- Interactive map of Cai Lậy
- Country: Vietnam
- Region: Mekong Delta
- Province: Đồng Tháp
- Establish: June 16, 2025

Area
- • Total: 26 km^{2} (10 sq mi)

Population (2024)
- • Total: 34,117 people
- • Density: 1,300/km^{2} (3,400/sq mi)
- Area code: 28439

= Cai Lậy, Đồng Tháp =

Cai Lậy is a ward in Đồng Tháp province, Vietnam. This is one of 102 communes and wards in the province.

== Geography ==
Cai Lậy is a ward located in the eastern part of Đồng Tháp province, 30 km west of Mỹ Tho ward and about 70 km east of Cao Lãnh ward. The ward has the following geographical location:

- To the east, it borders Nhị Quý ward
- To the northwest, it borders Thanh Hòa.
- To the south, it borders the Long Tiên commune.
- To the north, it borders Mỹ Phước Tây ward.

== History ==
Prior to 2025, the ward was part of Cai Lậy district-level town, Tiền Giang province.

On June 12, 2025, the National Assembly of Vietnam issued Resolution No. 202/2025/QH15 on the rearrangement of provincial-level administrative units.

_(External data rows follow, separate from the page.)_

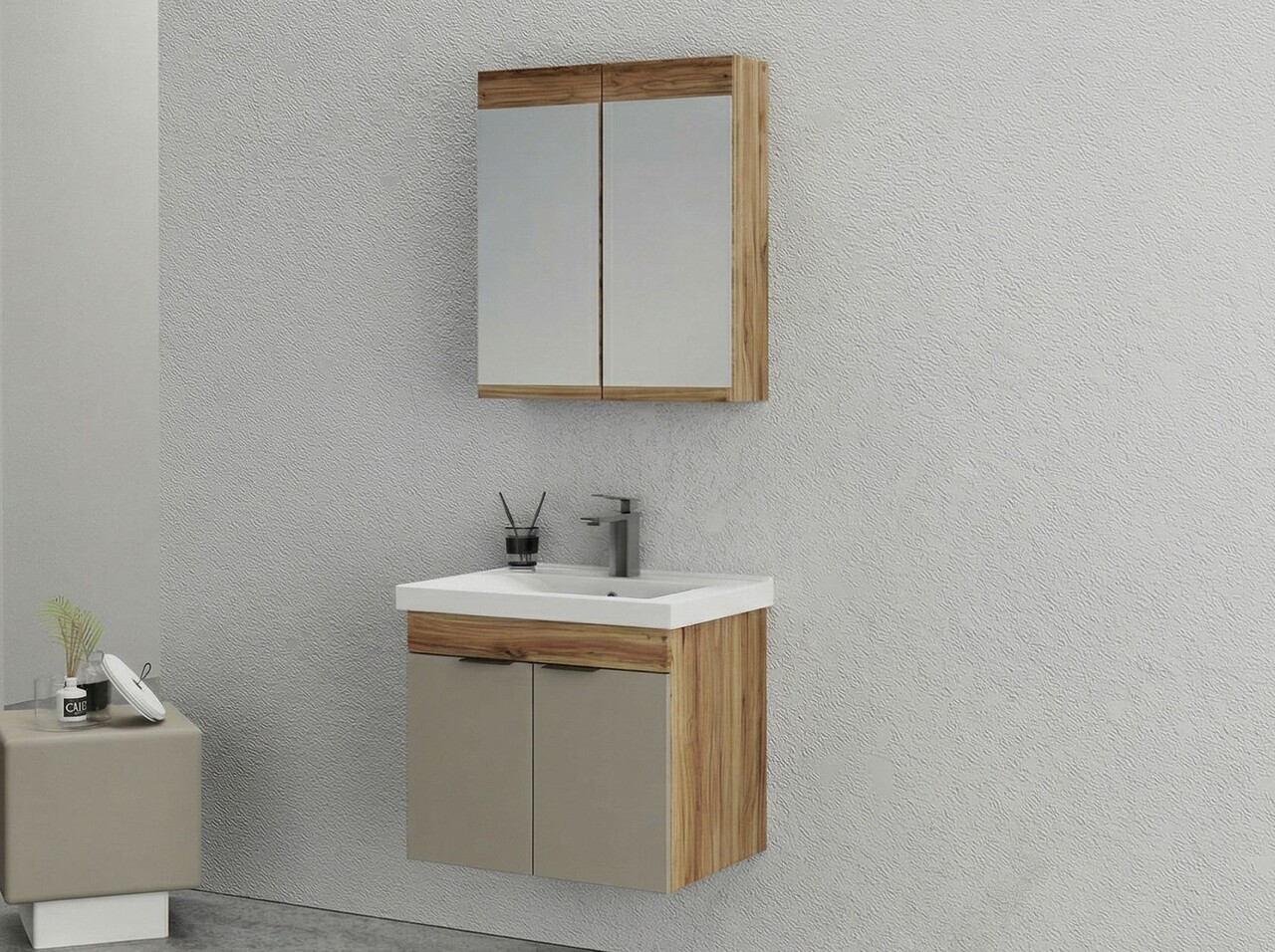 Set mobilier de baie (2 piese), Hanah Home, Carıno 65, Pin / Latte - view 2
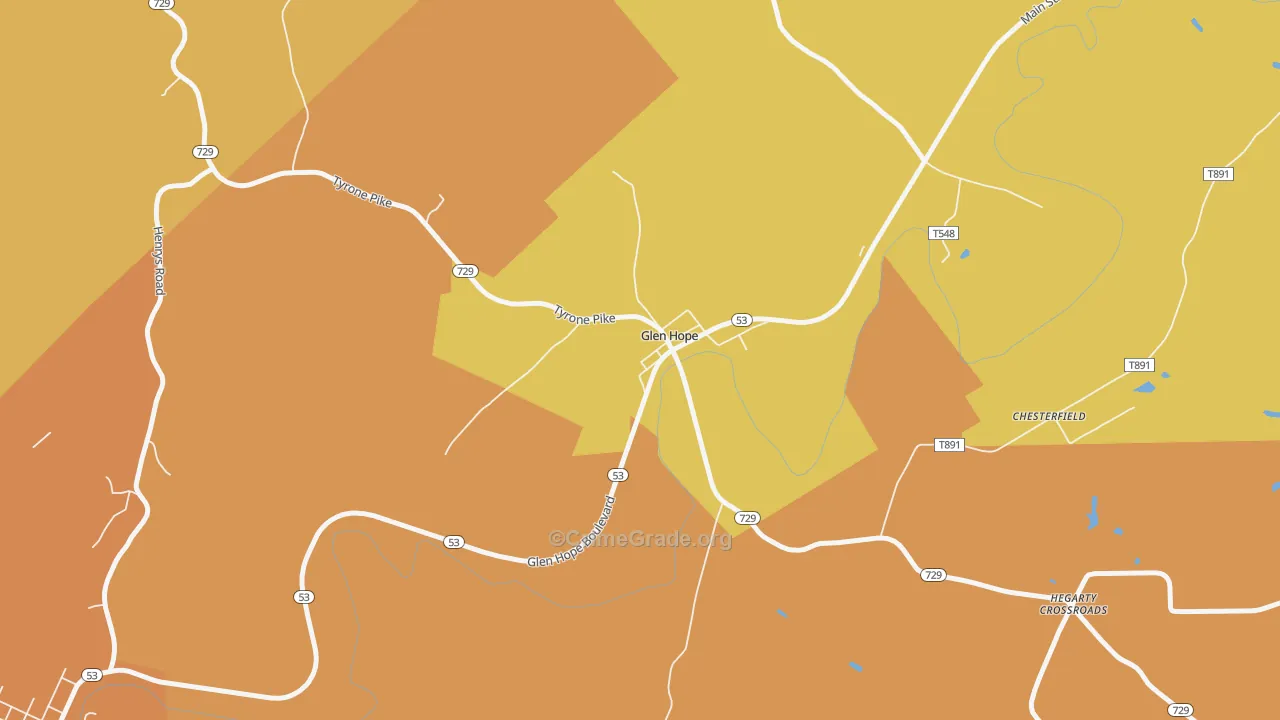 Glen Hope, PA Map of Robbery Rates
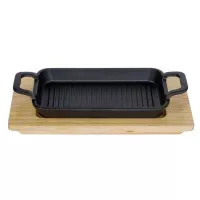 Sarten Rectangular de Hierro Fundido de 21 x 11.5 x 2.5 Centimetros TIPS KNO-005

Accordingly, the entire natural area and population size of Tiền Giang province and Đồng Tháp province will be combined into a new province called Đồng Tháp province.

On June 16, 2025, the Standing Committee of the 15th National Assembly issued Resolution No. 1663/NQ-UBTVQH15 on the rearrangement of commune-level administrative units in Đồng Tháp province in 2025. Accordingly:
- Cai Lậy ward was established by merging the entire area and population of Ward 4, Ward 5, and Long Khánh commune in Cai Lậy district-level town.